The country’s largest power trading company, PTC India, is facing the wrath of its public sector promoters — NTPC, NHPC, Power Grid Corp and Power Finance Corp (PFC) — who have threatened to completely withdraw their support from the company, saying PTC has lost its "government face".
This has made the power ministry step in and call a meeting of chief executives of all the four promoter firms along with government nominees, including the ministry of external affairs on July 14.
One of the main concerns raised by the promoters is that the PTC management has repeatedly overlooked their concerns while deciding on the options to raise funds. The recent bone of contention is the May 2009 qualified institutional placement (QIP) issue to raise Rs 500 crore. The issue has brought down the promoters’ holding in the company to around 16 per cent.

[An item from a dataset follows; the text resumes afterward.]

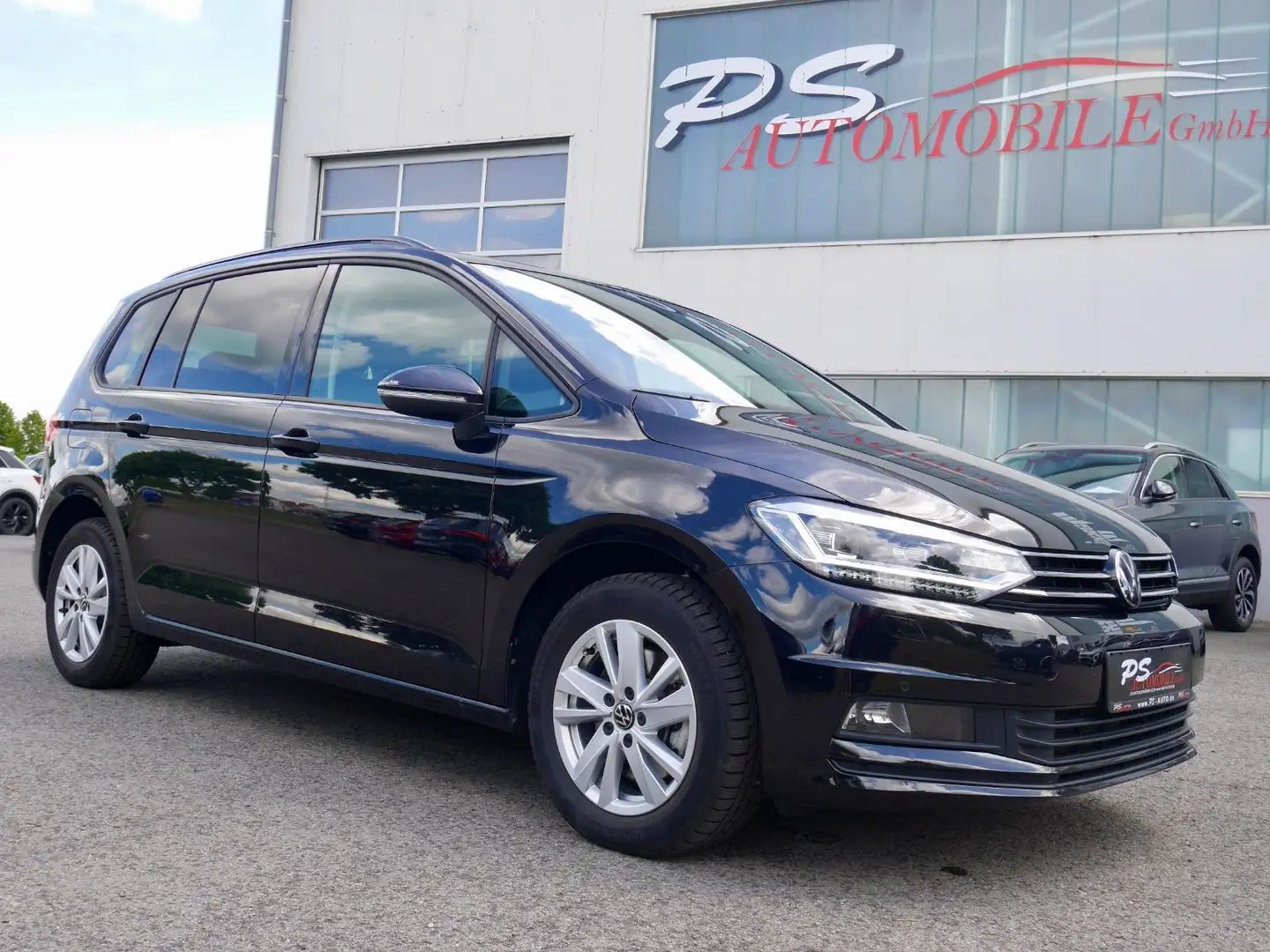 Volkswagen Touran 1.5 TSI DSG"Comfortline"AHK+7Sitze+LED Schwarz - 2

“With major support by the central PSUs, PTC is considered to be a government’s face,” said the chief executive of a promoting PSU firm, adding that it is because of their support that PTC has been getting substantial business from various states.
He said with the holdings of the public sector promoter firms coming down to 16 per cent, PTC will not be able to show itself as a government-backed company and may face the risk of being taken over. “This is not in the business interest of the company and we have accordingly told the government that it will be difficult for us to maintain support to the company.”
PTC chairman and managing director, T.N. Thakur said he was not aware of any such meeting or development by the power ministry and his company’s promoters. “Nothing has been told to me about the meeting.”
Clarifying the issue Thakur said, “During our first QIP issue, PSU promoters were not keen to infuse any funds and even got the articles of association amended to release them from the obligations for contributing towards the company’s funds requirement.”
However, the power ministry’s agenda circulated for the July 14 meeting clearly says, “The spirit of the creation of the company as per the cabinet approval with the government face has been defeated and the company is in the danger of take over by any private sector.”
In normal course of things, “takeovers do not happen like this,” Thakur said. “If somebody wants to do it, he has to first make its intentions known and a due process has to be followed.”
Besides, some other companies like ICICI Bank, IDFC and IL&FS were initially promoted by government institutions and later became public. “So, why such a hue and cry about the way PTC’s management is taking decisions? This is nothing new and is being done for the growth of the company and the sector.”